Les agents sociaux sont soumis aux obligations qu'impose l'impératif d'accumulation du capital. Ainsi,
dans le Béarn rural étudié par P. Bourdieu, le fils aîné bénéficie d'un droit exclusif sur l'exploitation familiale,
mais il en est davantage le dépositaire que le détenteur. Il lui incombe d'accomplir les stratégies familiales
d'accumulation notamment dans le choix d'une épouse dont l'apport en dot soit à la mesure du capital de sa
propre famille. Le poids de cette contrainte de reproduction du capital se révèle particulièrement lourd avec
l'industrialisation et l'urbanisation : les aînés ne peuvent profiter des opportunités de mobilité géographique et
sociale dont se saisissent les cadets et leurs sœurs, et la dépréciation relative du capital agricole affaiblit leurs
chances matrimoniales (Le bal des célibataires, 2002). Les partages sont des moments critiques de cette
imbrication des trajectoires individuelles aux stratégies familiales de conservation et d'accumulation du
capital (doc. 3). La reprise de la pâtisserie par le fils Pilon et les études de ses sœurs prennent sens au sein de
la fratrie. C'est en partie parce que le capital professionnel est transmis au fils que les sœurs accumulent du
capital scolaire, et réciproquement. C'est bien le poids DU capital et non la distinction de ses formes qui rend
compte des devenirs individuels. L'approche ethnographique (doc.3) donne ainsi accès à l'unité du capital, qui
est artificiellement fractionné en ses diverses formes par les variables économétriques (doc.2 et 4)

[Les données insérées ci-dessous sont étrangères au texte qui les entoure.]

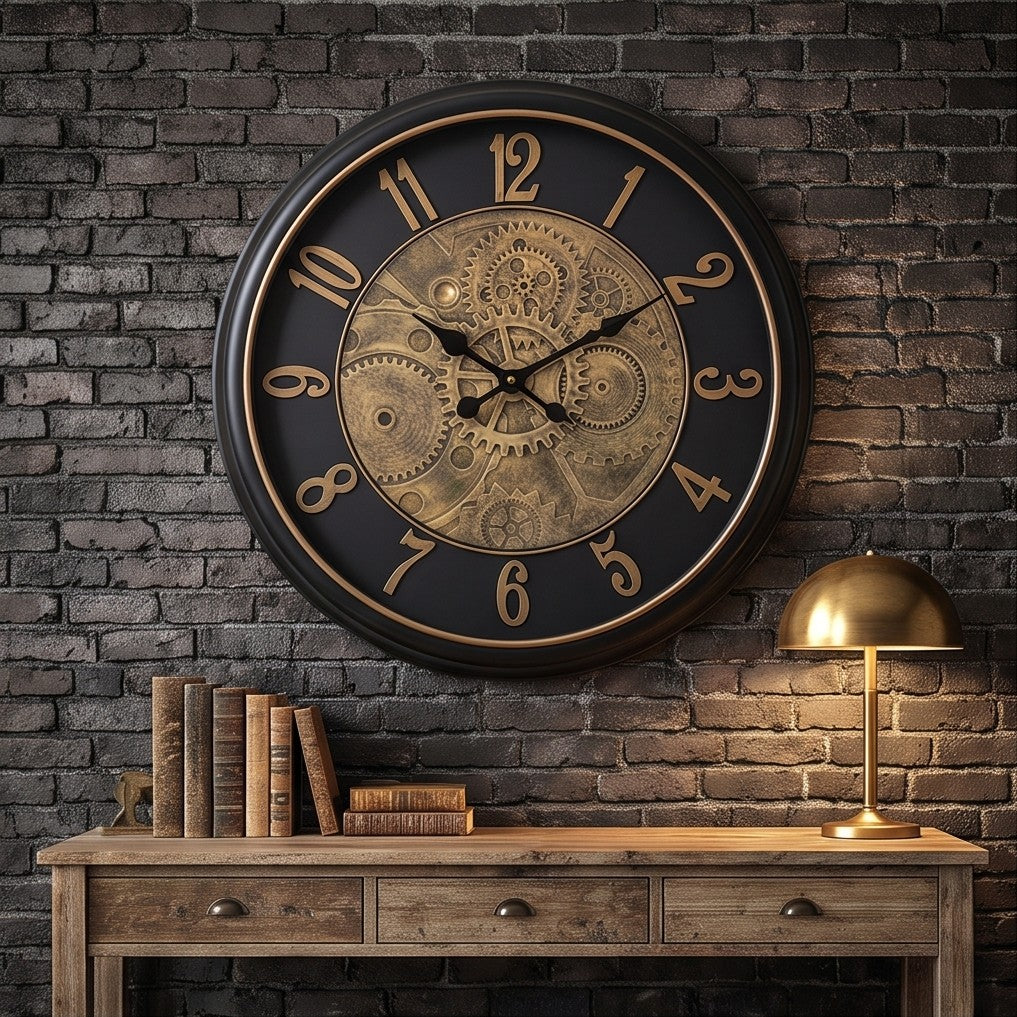 Luxury Vintage Gear Wall Clock – Antique Gold 3D Decorative Statement Clock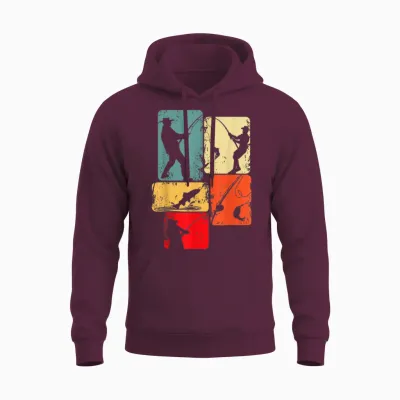 Fishing Fisherman Man Child T-Shirt, Black Unisex Hoodie - Maroon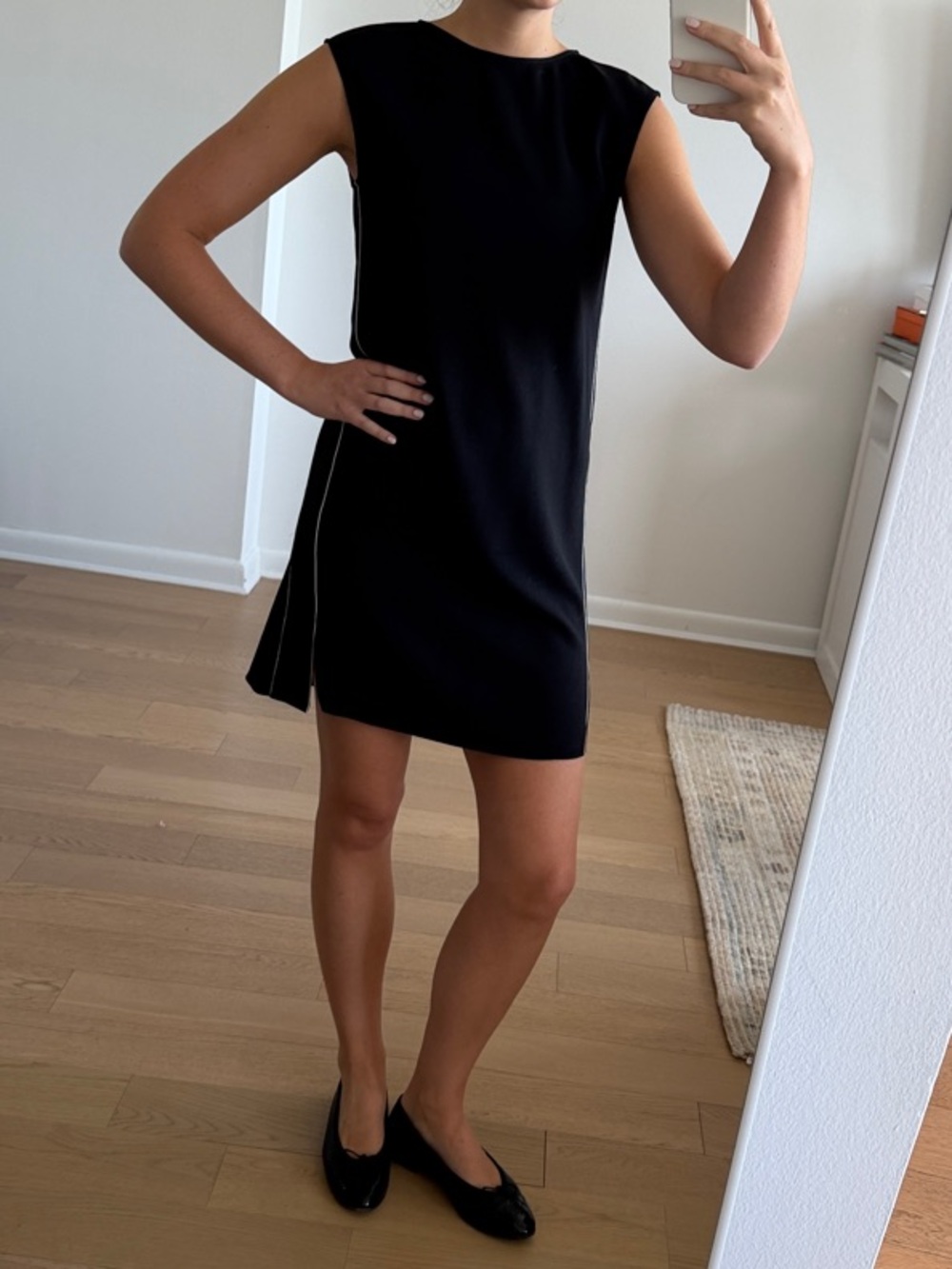 THEORY Classic Black Sleeveless Shift Dress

Le poids du capital tient donc à sa contribution aux processus de production économique et de
reproduction sociale. La mesure de ce poids permet d'appréhender les logiques d'accumulation qui sont à
l'oeuvre non seulement dans la sphère économique de la production, mais aussi dans les champs sociaux.
Cette pesanteur est une force dynamique de création de richesses mais aussi une force d'inertie.